Drones aren’t fail-proof nor are they indestructible. And that’s what makes testing drones so frustrating. Time and time again engineers have to repair the damage caused by a drone while learning to maneuver around various obstacles. However, thanks to engineers from MIT that may be about to change.


The engineers have created a new virtual reality (VR) training system for drones that allows the vehicles to experience in a thriving, virtual environment while really they’re moving around in an empty space. “Flight Goggles” is the name given to the system and it could be the next big thing is to reduce the number of crashes that happen during drone training sessions.

“We think this is a game-changer in the development of drone technology, for drones that go fast,” says associate professor of aeronautics and astronautics at MIT, Sertac Karaman. “If anything, the system can make autonomous vehicles more responsive, faster, and more efficient.”

Much of Karaman’s inspiration came from drone racing, where human players controlling drones compete against one another as they fly through a various door, windows, and other obstacles.

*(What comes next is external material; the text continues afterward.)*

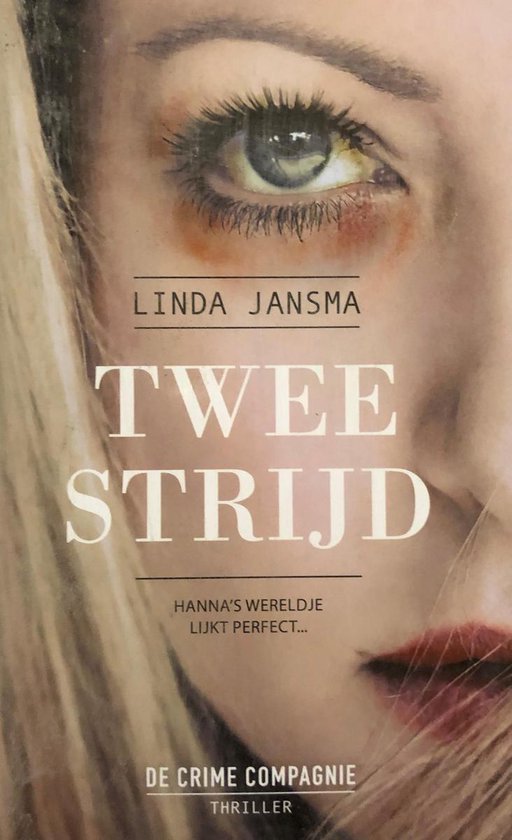 Tweestrijd - Linda Jansma - cover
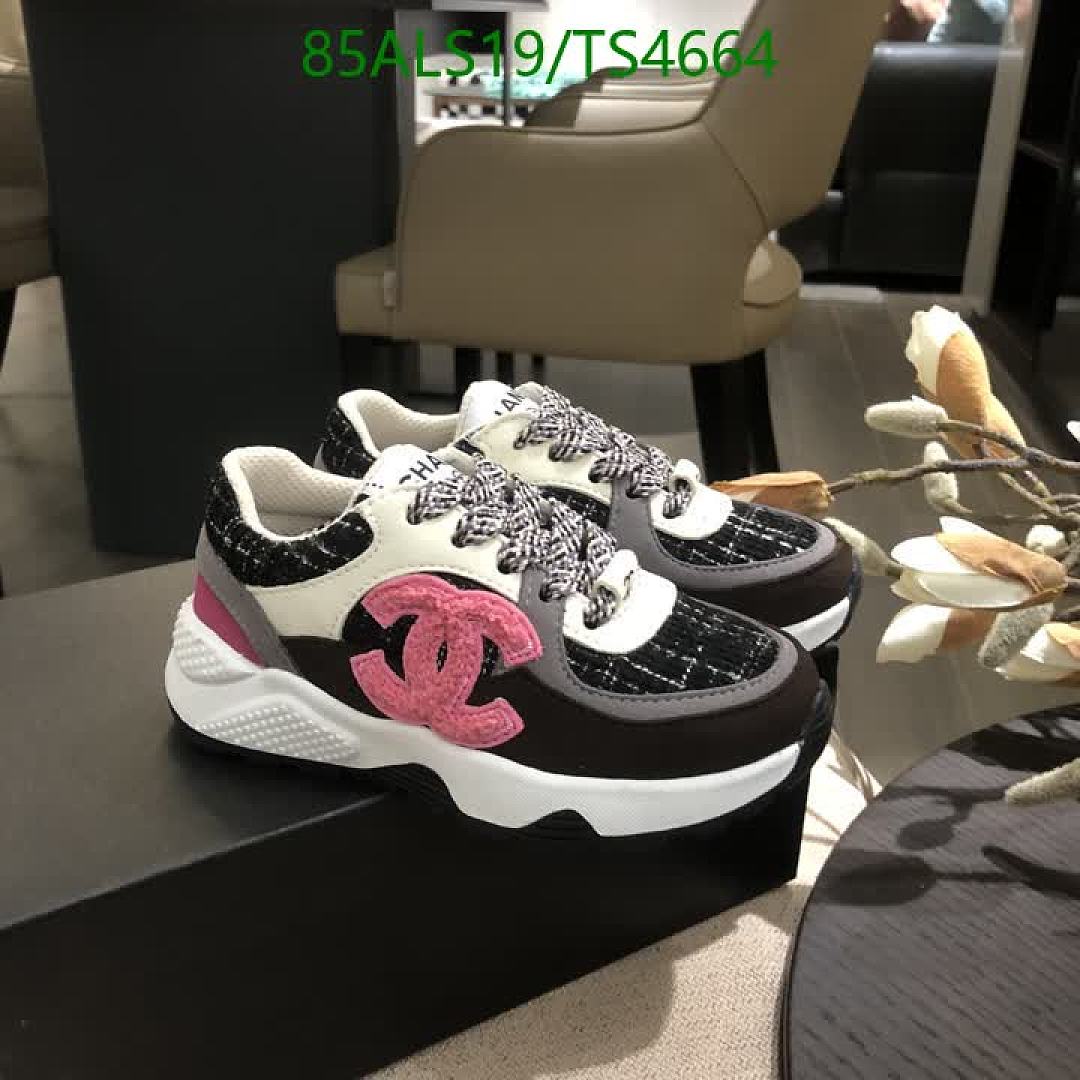 Chanel-Kids shoes Code: TS4664 $: 85USD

He wondered whether an autonomous drone could fly any better than the human-controlled ones.“In the next two or three years, we want to enter a drone racing competition with an autonomous drone, and beat the best human player,” says Karaman. 


The problem with that is that the way in which autonomous drones are currently trained is very hands on. Researchers have to fly the drones in very sparse testing grounds where nets are often hung to stop any out of control vehicles from flying away too far. They must also set up obstacles such as doors and windows for the drones to practice flying around. Whenever they crash they have to be repaired, or even worse, replaced. This adds even more costs to the projects balance sheet.

Flight Goggles consists of an image rendering program, a motion capture system, and electronics to process the images and send them directly to the drone. Using this system, Karaman and his colleagues can create their own realistic scenes and beam them straight to the drone to make it look as though it is navigating through that actual space. “The drone will be flying in an empty room, but will be ‘hallucinating’ a completely different environment, and will learn in that environment,” explains Karaman.

To test the system the researchers carried out a number of different experiments involving the drone. One such test involved the drone flying through a virtual window around twice its size. As the drone flew, images were beamed across that portrayed a living room and window. Over the course of 10 flights, the drone only crashed into the window three times out of 364, which is not bad really. Karaman says that even if the drone crashed several thousand times it would still be less impact to endure than if the same crash took place in the physical world opposed to a virtual one.


The final test saw the team set up a real window in the testing facility and then using the navigation algorithm that was in the virtual system, they flew the drone successfully through the real window 119 times out of 125. 

It’s a great system that is extremely malleable. Researchers can create their own scenes, including replicas of real buildings, in which to train the drones. It could also be used to test new sensors to see how they work with even faster-moving drones. “There are a lot of mind-bending experiments you can do in this whole virtual reality thing. Over time, we will showcase all the things you can do.,” says Karaman.